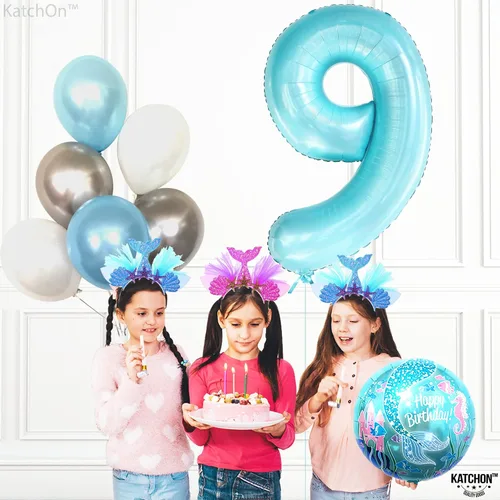 Vista 151 de KatchOn Globo negro del número 1 de 40 pulgadas, globo de feliz cumpleaños Large Mylar Number One Balloon for 1st Birthday Decorations, Foil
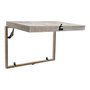 DKD Home Decor Tapa Contador MDF Buda Gris (Pack de 2)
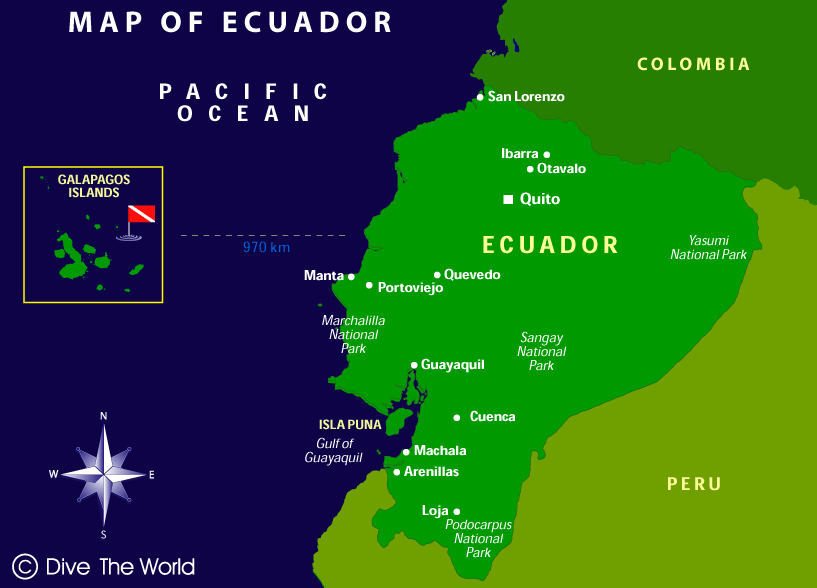 Ecuador Map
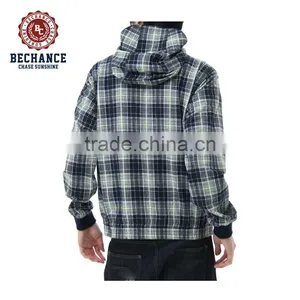 PQ205 Shell 60% Nylon,40% Cotton With Water Repellent Coating Men's Plaid Jacket thumbnail-2
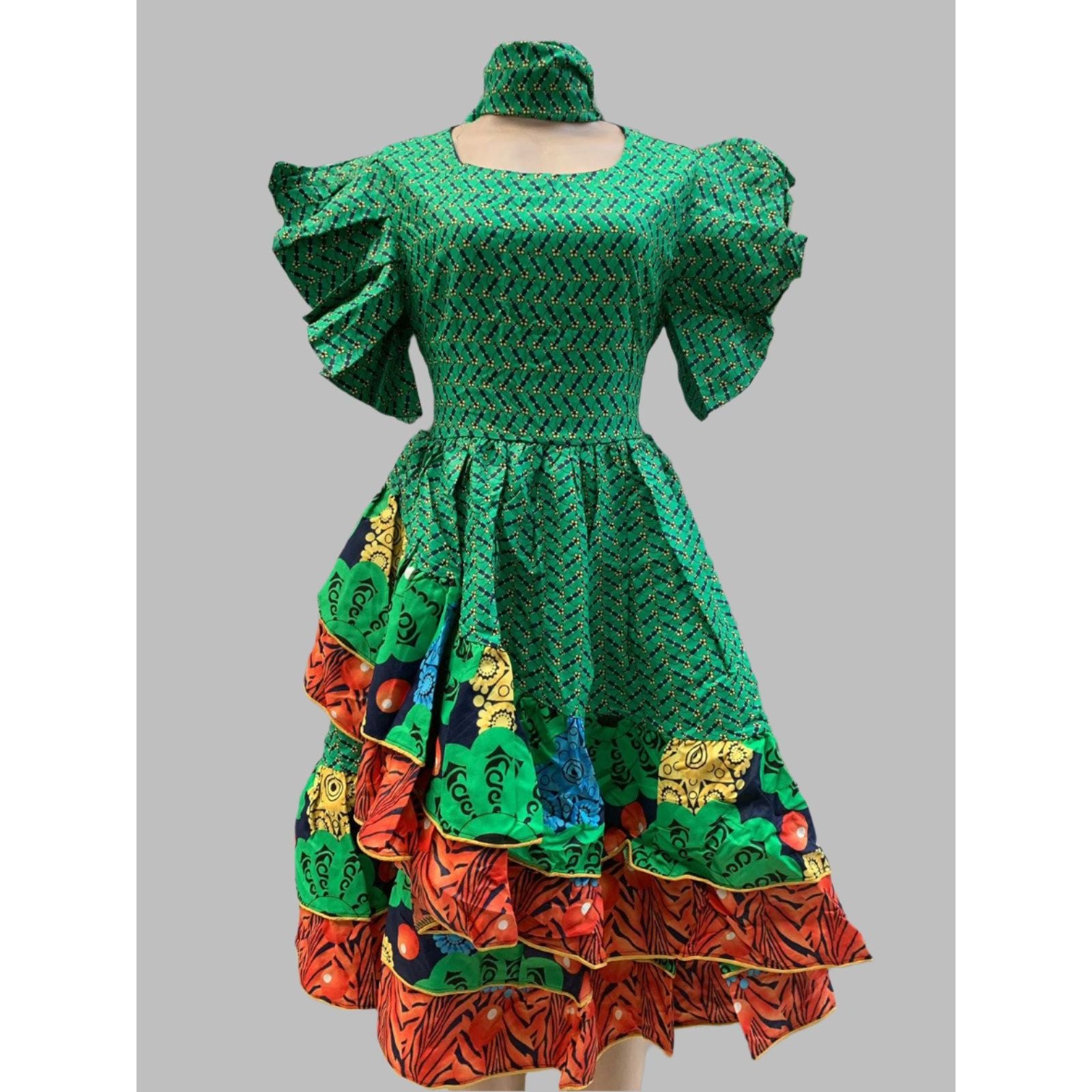 Ankara Gundo Traditional dress.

--*--

* [WHAT YOU SHOULD DO]: What you return should be only the lines from the line with "PQ205 Shell 60%" through the last line of the listing above, exactly, both ends included, pictures excluded.

* [PROBLEM SOLUTION]:
 PQ205 Shell 60% Nylon,40% Cotton With Water Repellent Coating Men's Plaid Jacket thumbnail-2
 Ankara Gundo Traditional dress.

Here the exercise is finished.